Benetton's a new one for me as an idea; there's one in the King of Prussia mall.

I once got a great shirt from Zara as a gift, but since then it's always been a bust. In theory it may work well, as a European thin-guys store.

Department stores often have useful stuff; Macy's house brand of dress shirts fits me pretty well, but they're way too long to wear untucked, so I just have a couple I wear for more "formal" work environments. I've found some other things - Calvin Klein zippered sweaters - that I like, but nothing I'd really call great buys on a limited budget.

Super-echoing the "Try stuff on," because I'm wearing a lot of things these days that I thought weren't quite right, until I made myself try it out and liked the result.

I still don't have a pair of non-jeans pants I'm 100% happy with, for what that's worth.
posted by Tomorrowful at 10:34 AM on March 1, 2009


Heh. My body's that type, just a bit scaled up (6', 180). If I buy a standard business shirt off the rack, it looks like I just put on a tent or there's four inches of wrist protruding from the sleeve.

What works for me is finding tall sizes in shirts by neck and sleeve measurement. Lands' End tall, trim-fit shirts fit me. Having a friend who can sew is a huge help on shirts you get other places that balloon out.

If you have an REI nearby they have trousers like Gramiccis and Pranas. Try them, but buy the bulk of your wardrobe at Sierra Trading Post. Pay attention to the name of the style that looks right on you. Some Gramiccis are wide-leg, relaxed (avoid) and others are trim-fitted which are good for me. Once you try either, you will probably stop buying denim jeans.

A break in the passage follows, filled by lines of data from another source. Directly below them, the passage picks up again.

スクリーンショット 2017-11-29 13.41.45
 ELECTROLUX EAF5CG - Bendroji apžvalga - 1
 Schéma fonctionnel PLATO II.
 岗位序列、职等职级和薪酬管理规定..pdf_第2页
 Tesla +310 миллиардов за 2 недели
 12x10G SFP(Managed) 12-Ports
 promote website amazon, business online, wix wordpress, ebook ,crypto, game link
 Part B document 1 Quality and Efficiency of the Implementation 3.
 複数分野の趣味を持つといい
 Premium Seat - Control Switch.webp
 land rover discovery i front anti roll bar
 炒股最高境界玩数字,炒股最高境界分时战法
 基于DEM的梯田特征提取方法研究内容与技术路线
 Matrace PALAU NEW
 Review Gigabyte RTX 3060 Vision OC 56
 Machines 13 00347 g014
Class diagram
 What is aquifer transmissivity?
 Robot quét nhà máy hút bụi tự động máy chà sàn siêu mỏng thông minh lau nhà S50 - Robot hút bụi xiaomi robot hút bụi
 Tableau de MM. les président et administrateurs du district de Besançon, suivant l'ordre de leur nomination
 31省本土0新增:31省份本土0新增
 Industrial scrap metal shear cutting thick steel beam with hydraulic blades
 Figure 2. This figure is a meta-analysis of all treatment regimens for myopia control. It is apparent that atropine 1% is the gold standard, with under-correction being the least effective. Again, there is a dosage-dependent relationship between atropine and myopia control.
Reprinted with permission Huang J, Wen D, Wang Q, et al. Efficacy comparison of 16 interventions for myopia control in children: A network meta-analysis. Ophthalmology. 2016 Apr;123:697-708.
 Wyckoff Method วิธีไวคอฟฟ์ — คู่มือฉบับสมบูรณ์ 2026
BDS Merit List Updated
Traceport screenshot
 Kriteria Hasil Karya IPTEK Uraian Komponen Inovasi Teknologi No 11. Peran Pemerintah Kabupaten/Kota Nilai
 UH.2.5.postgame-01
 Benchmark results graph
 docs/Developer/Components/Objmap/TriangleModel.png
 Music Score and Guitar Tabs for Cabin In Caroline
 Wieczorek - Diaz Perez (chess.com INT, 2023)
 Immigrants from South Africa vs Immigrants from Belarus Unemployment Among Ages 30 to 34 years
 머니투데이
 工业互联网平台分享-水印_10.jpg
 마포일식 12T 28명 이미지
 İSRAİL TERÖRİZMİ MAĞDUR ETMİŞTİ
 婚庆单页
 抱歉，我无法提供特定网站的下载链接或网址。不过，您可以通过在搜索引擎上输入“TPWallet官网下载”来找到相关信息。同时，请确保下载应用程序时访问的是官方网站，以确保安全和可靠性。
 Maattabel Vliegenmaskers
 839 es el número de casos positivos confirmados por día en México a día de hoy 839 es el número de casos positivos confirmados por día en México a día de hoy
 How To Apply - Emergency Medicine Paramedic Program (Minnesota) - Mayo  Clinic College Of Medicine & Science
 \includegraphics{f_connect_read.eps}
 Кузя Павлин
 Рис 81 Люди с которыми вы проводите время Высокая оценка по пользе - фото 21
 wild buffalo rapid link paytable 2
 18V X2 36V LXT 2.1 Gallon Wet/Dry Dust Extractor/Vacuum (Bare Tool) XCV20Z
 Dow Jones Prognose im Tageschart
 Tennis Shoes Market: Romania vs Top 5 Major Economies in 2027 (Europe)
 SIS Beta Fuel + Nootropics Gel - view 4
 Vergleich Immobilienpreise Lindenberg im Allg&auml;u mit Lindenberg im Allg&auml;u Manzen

There is or was a brand at Macy's called Club Room. I have yet to buy anything made by Club Room that wears out, or that flaps at all. They make shirts like piqué polos and corduroy long-sleeved shirts. I have some of these in weekly rotation that are fifteen years old.
posted by jet_silver at 10:37 AM on March 1, 2009


An outlet/store mall can be very helpful if you can find one. The discounts can be remarkable, and if you're just a bit off the most common sizes (i.e. long arms) you can do very well.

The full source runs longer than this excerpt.